Le mouvement d'eau était favorable et il pourrait se rapprocher du bord. Mais son vaisseau s'engouffrait dans l'épaisse soupe kaki du fleuve. S'accrochant pour gagner quelques mètres, l'aventurier but la tasse. Les vagues, les unes après les autres, l’empêchèrent de reprendre son souffle. Un mouvement incontrôlable et involontaire lui fit prendre une brusque bouffée d'air. Mais déstabilisé par cet effort inconscient le radeau de fortune et son occupant sombrèrent. Le son sourd du bois noyé et disloqué par les flots. Les vêtements et le matériel du voyageur devinrent des fardeaux lorsqu'ils se gorgèrent de liquide. En d'amples mouvements l'occupant se dégagea. Sa tête sortit. Inspiration. Il se débattit en direction de la berge. Tout lui pesait et malgré toute l'énergie déployée, il se maintint avec difficulté. Les gestes de la nage effectuée ralentissaient. Il ployait sous le poids de son attirail imbibé. La position de natation devint vite verticale et malgré les mouvements de jambes celles-ci ne pouvaient remonter.

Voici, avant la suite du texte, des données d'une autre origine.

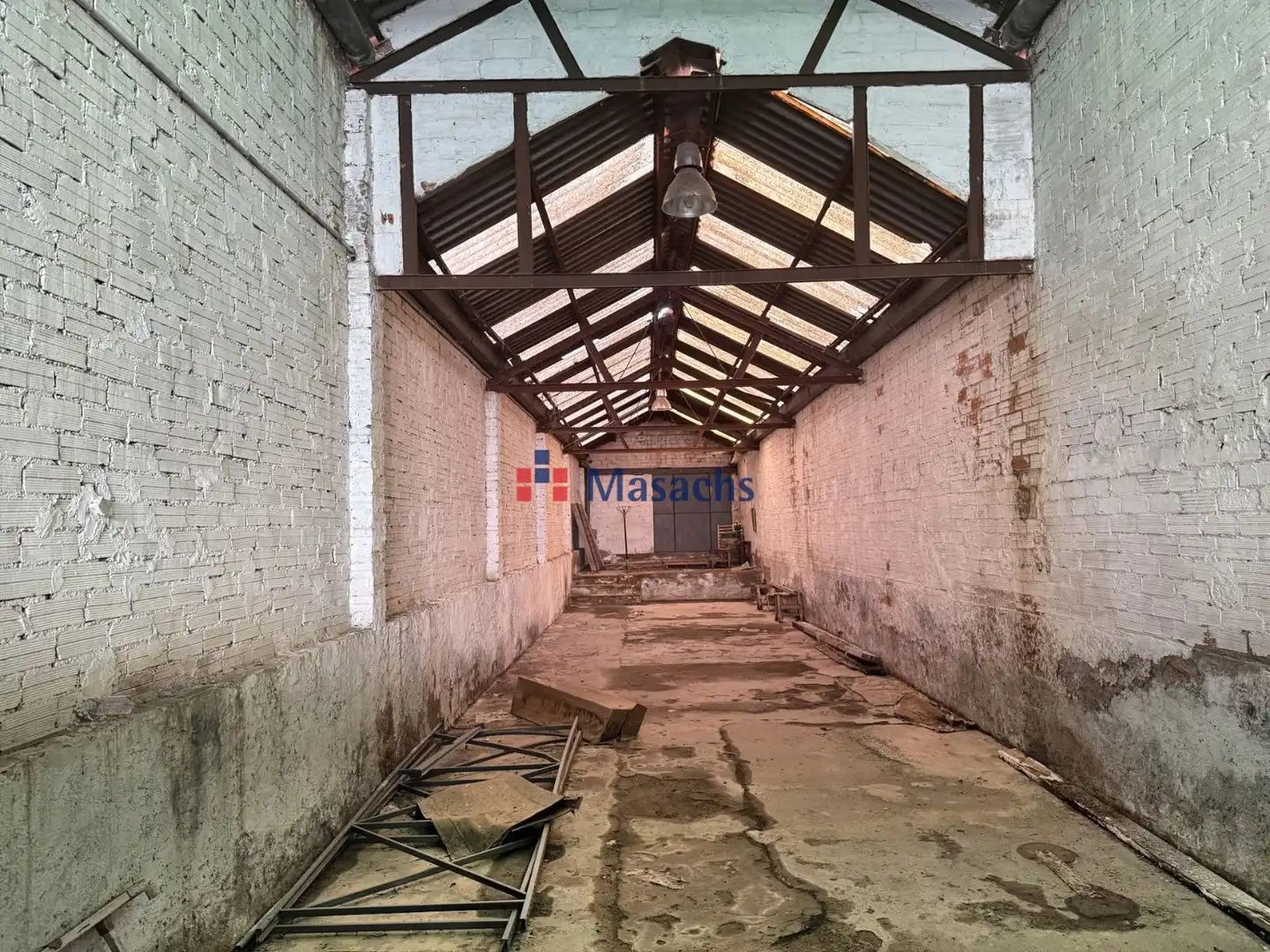 Industrial building for sale in Nord-est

Il battait avec force et cadence de tous ses membres. Il peina bientôt à reprendre sa respiration. Des insidieuses petites vaguelettes forçant le passage vers sa trachée. Il tendit les bras, mais rien à sa portée. Il n’était plus qu’à un mètre cinquante du bord quand il fut poussé par une brève secousse dans le dos, cela le rapprocha de la rive. Mais cette saccade n’avait rien d’une aide. Il sentit tout le flan de l’animal le long de ses côtes. Celui-ci le frôlait de toute sa longueur pareille à un serpent. Le vif carnassier opérant sous sa proie vaste mouvement tournant afin de retenter une attaque. Semblable au brochet, ce triste individu devait faire dans les 4 ou 5 mètres. Le nageur, prit par l’adrénaline et les mécanismes de survie, utilisa toute sa puissance pour atteindre les pentes enherbées du bord. Alors qu’il effleura du bout des doigts les premiers cailloux, survint la deuxième attaque. L’homme fut projeté contre la berge sans pouvoir s’y agripper. A demi-assommé, il fut trimballer à gauche et à droite par des mâchoires violentes et frénétiques. Elles déchiquetèrent et percèrent, réduisant en charpies tout ce qui fut au centre de l’étreinte. Tirer petit à petit vers le fond par son agresseur et secouer comme une poupée de chiffon, le nageur reprit ses esprits. Son sac seul subissait la fureur de la bête. Et malgré les à-coups cruels pour le taillader, l’homme défit les brides de son sac pour regagner l’air et la berge. Il se jeta à l’assaut de la rive, aidé par la perte de son matériel. Son agilité en partie retrouvée, il gagna l’herbe et les cailloux. Et par une roulade sur le côté s’éloigna du dangereux flux verdâtre où son bardât périssait.

Il resta là un moment, sous le choc, à reprendre son souffle. Sa fuite pouvait continuer, mais sans le contenu de son sac. L’inventaire fut rapide. Juste ses vêtements, deux ou trois fruits et l’outre d’eau à sa ceinture. Un rude coup pour le voyageur. Mais l’obstacle principal venait d’être franchi.